We dipped or ate the coffee that came with our MREs rather than drink it when on watch at night and in the field. Remember the cadence " They say that in the army the coffees mighty fine! It looks like muddy water and taste like turpentine" lol I still remember them all lol

----------


## Qmser

> HAVE ANY OF YOU TRIED ACORN COFFEE ? I LOVE THE STUFF. YOU LEACH THE ACORNS FOR THREE DAY IN 3 CHANGES OF WATER OR ONE DAY IN A STREAM THEN ROAST JUST LIKE COFFEE AND MAKE JUST LIKE COFFEE.


Skunkkiller, Can I assume that you're talking about acorns from a white oak tree?  All of the other oaks that I know of produce acorns that are too bitter to make food or drink from.

----------


## Rick

Welcome Qmser, why not chop on some acorns on your way over to our Introduction section and tell us a bit about yourself?

----------


## Rick

While the red oak has more tannins, it also has more fats than white oak. It's one of the reasons squirrels eat the white ones when they begin to fall and bury the red ones. They need the higher fat content in the dead of winter.
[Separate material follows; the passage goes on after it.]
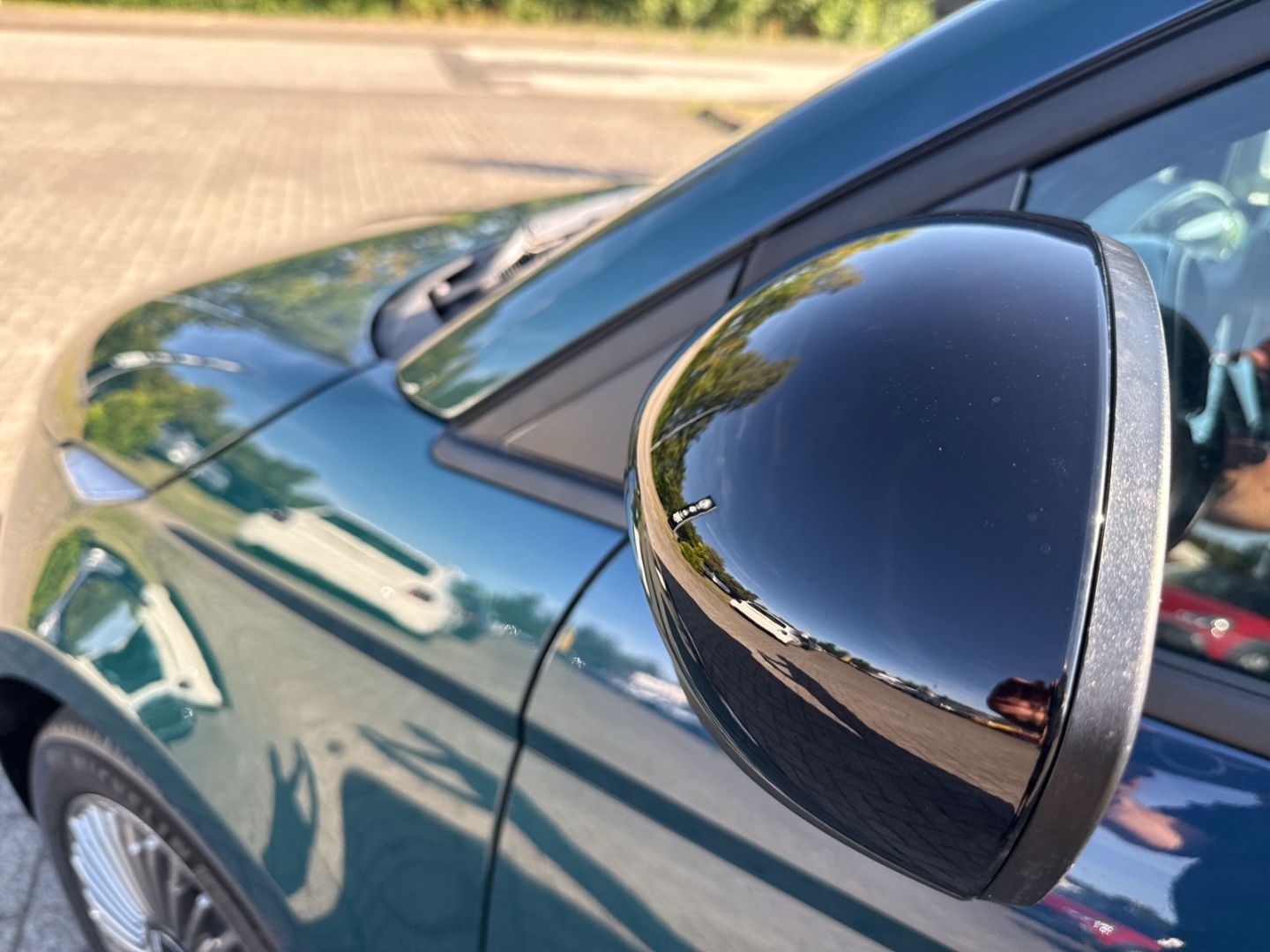 Fiat 500 - Bild 20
The white acorn will sprout faster than the red one, which is another reason they eat them.

----------


## hoosierarcher

> While the red oak has more tannins, it also has more fats than white oak. It's one of the reasons squirrels eat the white ones when they begin to fall and bury the red ones. They need the higher fat content in the dead of winter. The white acorn will sprout faster than the red one, which is another reason they eat them.


They also bury the red oak because they get sweeter tasting after they have frozen. Probably due to the germination process but Native Americans didn't eat red oak acorns until after they had been long frozen and then thawed.

----------


## skunkkiller

you can use any acorn as lomng as you soak them first in changes of water then dry and roast

----------


## birdman6660

I personally solved the coffee problem by having a huge amount in nitro pak storage ... instant but filled with caffeine ... and tis a necessity fro me ...  I believe i haven't forgotten anything in my 3 three years worth of survival gear and supplies we have stashed away !

----------


## jake abraham

I have plenty of acorns around so I'm going to try this

----------


## RandyRhoads

> We have wild coffee down here. It is caffeine free but contains a hallucinogenic called dimethyltryptamine.
> 
> The only North American plant with coffee like caffeine is Yaupon Holly.


What "wild coffee" are you talking about that contains DMT?

----------


## TresMon

At some organic shops, herb shops and some green groceries you can get "dandy blend"
http://www.dandyblend.com/

Good info in this thread! Thanks..

----------


## crashdive123

> What "wild coffee" are you talking about that contains DMT?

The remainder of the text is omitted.